Passageira é atacada por homem no metrô de São Paulo e tem o maxilar quebrado
SÃO PAULO, SP (FOLHAPRESS) - Uma jovem foi atacada por um homem na estação Parada Inglesa, da linha 1-azul do metrô de São Paulo. Larissa Raudemberg, 24, teve o maxilar quebrado por causa das agressões, segundo familiar.
O ataque ocorreu na noite de segunda-feira (15), por volta das 19h, na estação que fica na avenida Luiz Dumont Villares, no Tucuruvi, zona norte da capital paulista.
"Ela estava voltando do trabalho. Quando foi subir a escada da Parada Inglesa, tinha um cara pegando latinha no lixo e falando sozinho. Ele virou e chutou a amiga dela. Depois chutou minha filha na barriga. Ela caiu e ele chutou a cara dela várias vezes", contou o motorista Paulo Raudemberg, pai de Larissa.
Paulo disse que a filha foi jogada contra uma composição que estava chegando.
Larissa foi amparada por pessoas que estavam na estação e foi levada por agentes do metrô ao pronto-socorro do Mandaqui.
"Ela fez tomografia e raio-X e graças a Deus não teve hemorragia, mas o cara quebrou o maxilar dela. Acabou com o rosto dela. O médico disse que não precisa de cirurgia, mas vou levá-la em outro hospital, em São Bernardo do Campo", disse o motorista.
Ele relatou que a filha não costuma pegar o transporte da estação Parada Inglesa, mas que no dia um colega de trabalho deu carona até lá.
O pai reclamou de suposta falta de segurança no metrô e disse que vai processar a companhia.
"Não tinha segurança. O pessoal ali que acudiu ela e só depois o pessoal do metrô prendeu ele [o agressor]", afirmou.
Em nota, o Metrô não comentou o possível processo.
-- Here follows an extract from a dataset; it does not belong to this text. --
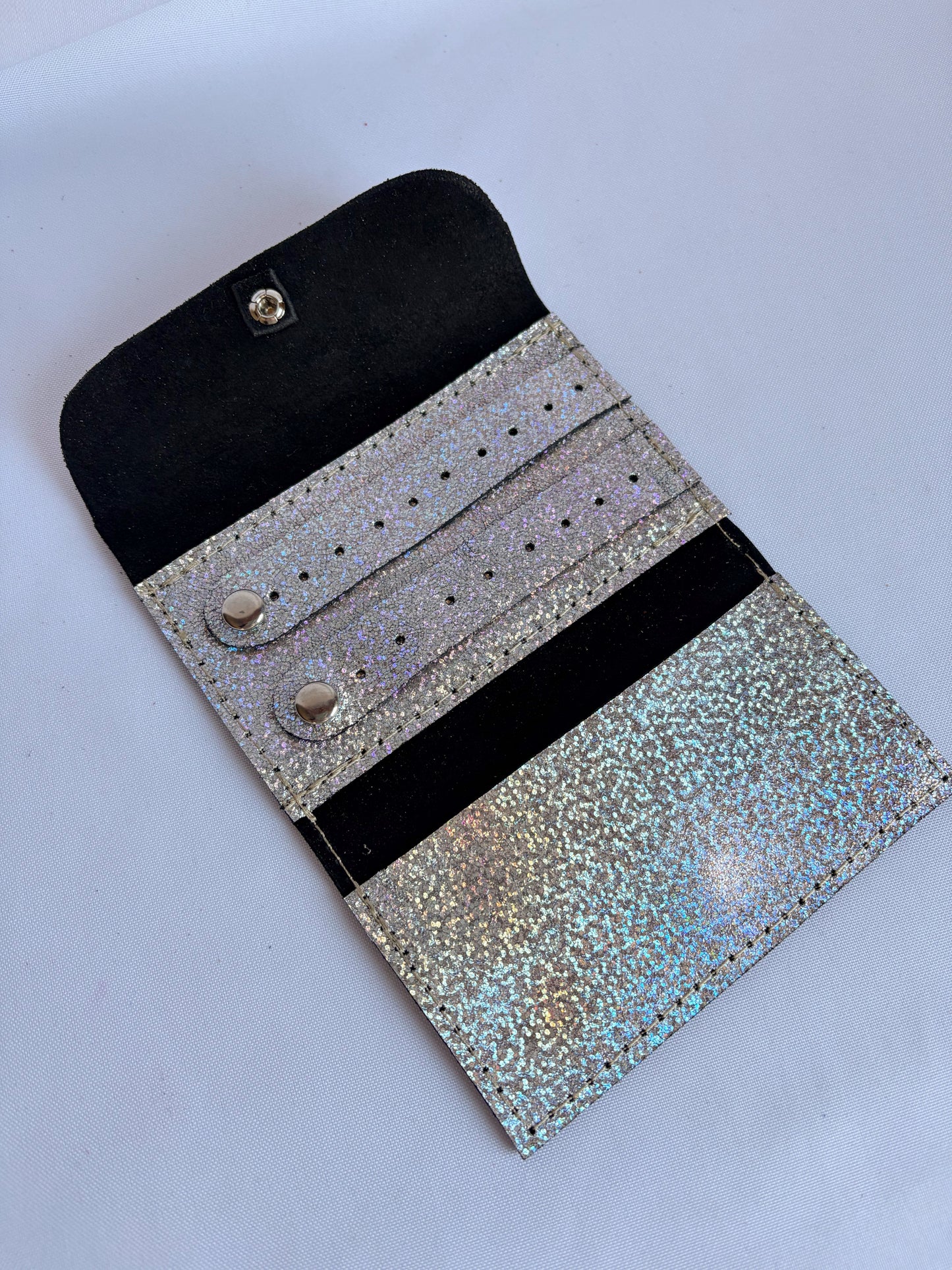 Joyero cuero glitter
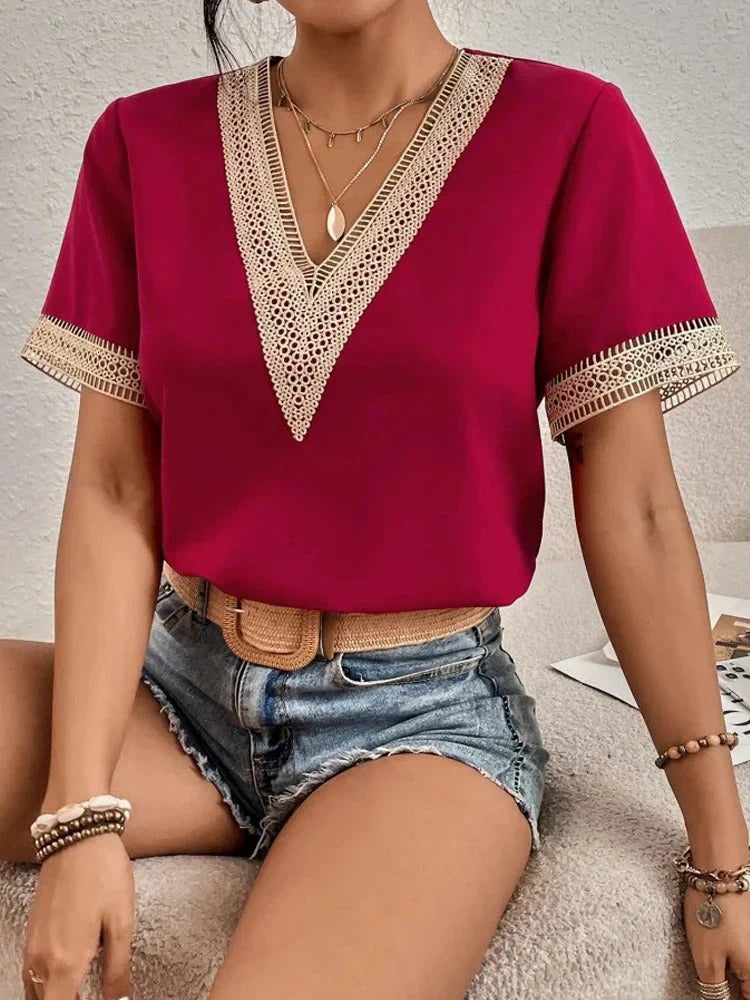 WW | Leichte Bluse Damen Elegant Und Vielseitig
"O Metrô lamenta o ocorrido, reforça que seus funcionários atuaram prontamente para garantir o atendimento à vítima e a segurança dos demais passageiros e está à disposição das autoridades para colaborar com a investigação", afirmou a nota.
A SSP (Secretaria da Segurança Pública do estado) afirmou que o agressor foi identificado, detido e liberado. O caso foi registrado como lesão corporal e vias de fato no 73º DP (Jaçanã).
"A vítima foi orientada sobre o prazo para representação criminal, por se tratar de crime de ação penal condicionada, conforme a legislação vigente", afirmou a pasta da segurança.
"Fiquei sabendo, há pouco, que já liberaram o cara na delegacia, um agressor desse. Acabou com o rosto da minha filha. Olha o trauma que fica. Ela fica perguntando o que ela fez [para ser agredida]. Ela não merecia passar por isso", afirmou o pai.